Through testing we have learned about the exceptional behavior of String.split for the empty input so we improve our function.

def split(text: String): List[String] =
  if (text.isEmpty) List.empty
  else text.split("\\s+").toList

But, are we done yet? We could examine the implementation of String.split but the code is a little bit convoluted so we might be overlooking something. How can we gain confidence?

Property-based testing can be a useful tool in situations like this. We can directly specify the property we want to rely on and let the test environment to generate random inputs to test it. In this case, the property we were expecting to hold expressed in plain English was:

Given any list of words (contiguous non white space), no matter how interleaved with white space I can recover the original list of words with the split function.

We can easily define a couple of scalacheck generators for the text and the white space:

val words = Gen.listOf(Gen.identifier.suchThat(_.nonEmpty))
val delimiter = Gen.nonEmptyListOf(Gen.oneOf(' ', '\t', '\n')).map(_.mkString)

And then the property itself:

it should "split text on whitespace" in {
  forAll(
    (delimiter, "prefix"),
    (delimiter, "separator"),
    (delimiter, "suffix"),
    (words, "words")
  ) { (prefix, separator, suffix, words) =>
    val input = words.mkString(prefix, separator, suffix)
    split(input) should be === words
  }
}

Immediately, scalacheck finds a counterexample for our test.

Message: List("", "e") was not equal to List("e")
Location: (StringSplitTest.scala:22)
Occurred when passed generated values (
  prefix = " ",
  separator = "", // 1 shrink
  suffix = " ",
  words = List(e) // 1 shrink
)

Looks like prefixed white space creates an initial empty string out of the blue.

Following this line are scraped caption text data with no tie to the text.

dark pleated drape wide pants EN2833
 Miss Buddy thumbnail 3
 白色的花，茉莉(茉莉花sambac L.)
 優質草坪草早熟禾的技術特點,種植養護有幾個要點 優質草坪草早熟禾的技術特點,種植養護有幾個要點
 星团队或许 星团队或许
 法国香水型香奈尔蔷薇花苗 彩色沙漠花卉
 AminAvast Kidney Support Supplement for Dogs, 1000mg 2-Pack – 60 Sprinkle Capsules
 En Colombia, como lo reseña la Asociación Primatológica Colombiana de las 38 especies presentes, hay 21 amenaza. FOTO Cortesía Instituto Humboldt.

Next iteration:

def split(text: String): List[String] =
  if (text.isEmpty) List.empty
  else text.trim.split("\\s+").toList

Are we lucky?

Message: List("") was not equal to List()
Location: (StringSplitTest.scala:22)
Occurred when passed generated values (
  prefix = " ",
  separator = " ",
  suffix = " ",
  words = List()
)

Aaaarrg! Let’s change our strategy to just filtering empty strings in the output.

def split(text: String): List[String] =
  text.split("\\s+").filter(_.nonEmpty).toList

This time the tests pass (no counterexample found) and we have more confidence on our code supporting the property we initially were assuming. We have learned how pernicious String.split is. Avoid it and be very suspicious of any code review in which it shows up.

Disjkstra: therefore String.split is dangerous as hell

But we have learned something way more valuable through this (contrived) example: property based testing is a bridge between informal reasoning understanding and testing-based understanding. We enhance our reasoning thanks to a property that is “verified” through testing.

Note the quotes in “verified”. We cannot exhaustively check all inputs in the general case so we are highly confident but not this-is-proven confident. This is nice for properties that escape static analysis but we are better off when we can rely on the compiler or linter.